Firing a click event means firing a synthetic mouse event named click, which bubbles and is cancelable.

The default action of these events is to do nothing except where otherwise stated.

Events and the `Window` object

When an event is dispatched at a DOM node in a Document in a browsing context, if the event is not a load event, the user agent must act as if, for the purposes of event dispatching, the Window object is the parent of the Document object. [[!DOM]]

The `script` element

Script-supporting element.

Contexts in which this element can be used:

Where metadata content is expected.

Where phrasing content is expected.

Where script-supporting elements are expected.

Content model:

If there is no src attribute, depends on the value of the type attribute, but must match script content restrictions.

If there is a src attribute, the element must be either empty or contain only script documentation that also matches script content restrictions.

Tag omission in text/html:

Neither tag is omissible.

Content attributes:

Global attributes

src — Address of the resource

type — Type of embedded resource

charset — Character encoding of the external script resource

async — Execute script when available, without blocking

defer — Defer script execution

crossorigin — How the element handles crossorigin requests

Allowed ARIA role attribute values:

None

Allowed ARIA State and Property Attributes:

Global aria-* attributes

DOM interface:

interface HTMLScriptElement : HTMLElement {
  attribute DOMString src;
  attribute DOMString type;
  attribute DOMString charset;
  attribute boolean async;
  attribute boolean defer;
  attribute DOMString? crossOrigin;
  attribute DOMString text;

  // also has obsolete members
};

The script element allows authors to include dynamic script and data blocks in their documents. The element does not represent content for the user.

When used to include dynamic scripts, the scripts may either be embedded inline or may be imported from an external file using the src attribute. If the language is not that described by "text/javascript", then the type attribute must be present, as described below. Whatever language is used, the contents of the script element must conform with the requirements of that language's specification.

When used to include data blocks (as opposed to scripts), the data must be embedded inline, the format of the data must be given using the type attribute, the src attribute must not be specified, and the contents of the script element must conform to the requirements defined for the format used.

The type attribute gives the language of the script or format of the data. If the attribute is present, its value must be a valid MIME type. The charset parameter must not be specified. The default, which is used if the attribute is absent, is "text/javascript".
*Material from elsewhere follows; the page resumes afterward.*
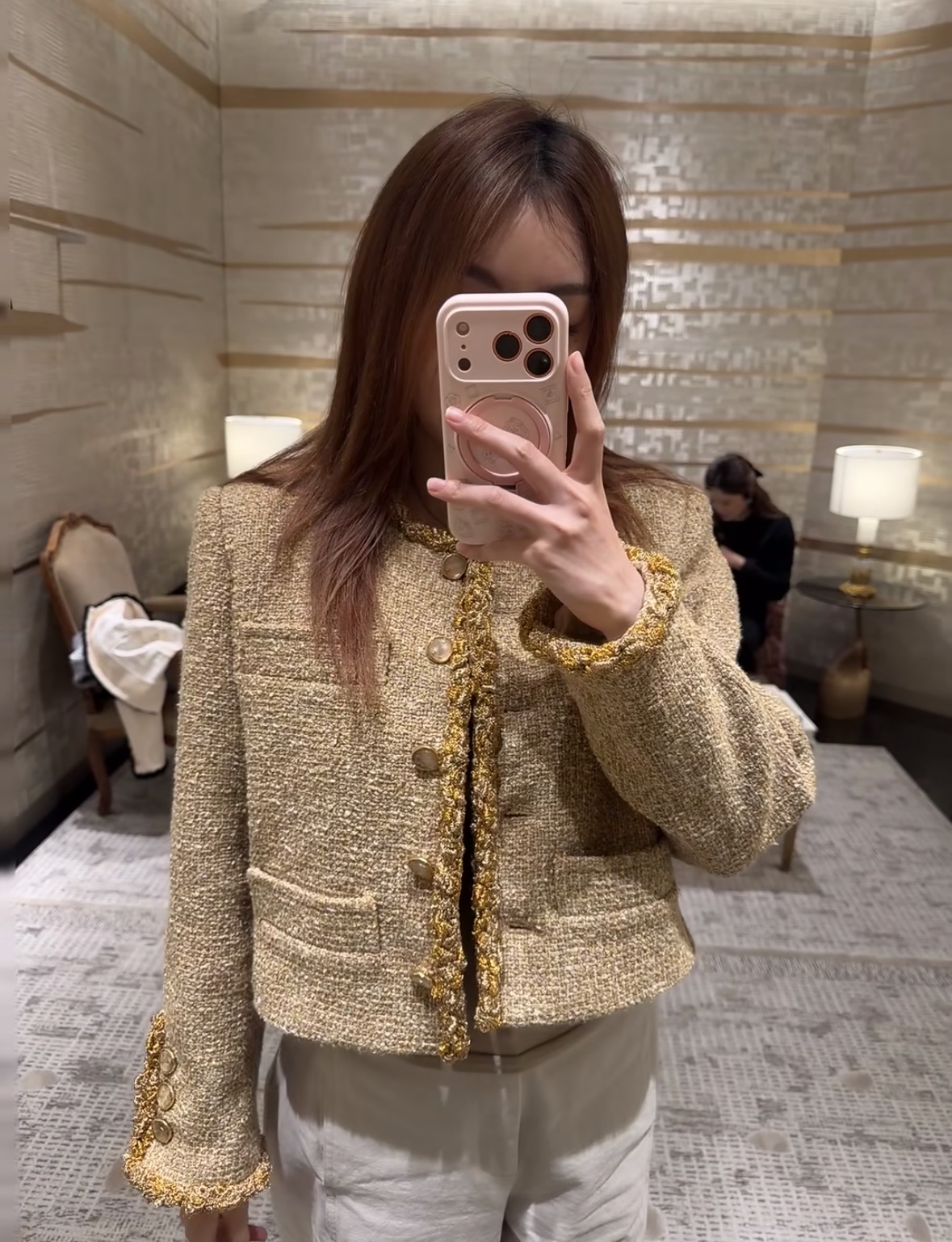 NO:954955,26th early autumn new product Chan** gilt tweed jacket, with a retro and elegant atmosphere. The texture of the rich blended fabric is outstanding, the golden webbing piping outlines the outline, and the metal round buckle is exquisite. The classic round neck is paired with double pocket design, and the neat short version optimizes body proportions. The cut is crisp and stylish, blending elegance and aura, suitable for matching with skirts and trousers, easily interpreting the exquisite and luxurious French lady style. Ready in stock  36/38/40,,chanel,skirts,jackets & coats,1986090926早秋新品 Chan**鎏金粗花呢小香外套,自带复古贵气氛围.肌理丰富的混纺面料质感出众,金色织带滚边勾勒轮廓,金属圆扣精致考究.经典圆领搭配双口袋设计,利落短款版型优化身形比例.剪裁挺括有型,融合优雅与气场,搭配裙装、西裤皆相宜,轻松演绎精致轻奢的法式名媛格调.现货 36/38/40,,chanel,skirts,jackets & coats,,Women's clothing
The src attribute, if specified, gives the address of the external script resource to use. The value of the attribute must be a valid non-empty URL potentially surrounded by spaces identifying a script resource of the type given by the type attribute, if the attribute is present, or of the type "text/javascript", if the attribute is absent. A resource is a script resource of a given type if that type identifies a scripting language and the resource conforms with the requirements of that language's specification.

The charset attribute gives the character encoding of the external script resource. The attribute must not be specified if the src attribute is not present. If the attribute is set, its value must be an ASCII case-insensitive match for one of the labels of an encoding, and must specify the same encoding as the charset parameter of the Content-Type metadata of the external file, if any. [[!ENCODING]]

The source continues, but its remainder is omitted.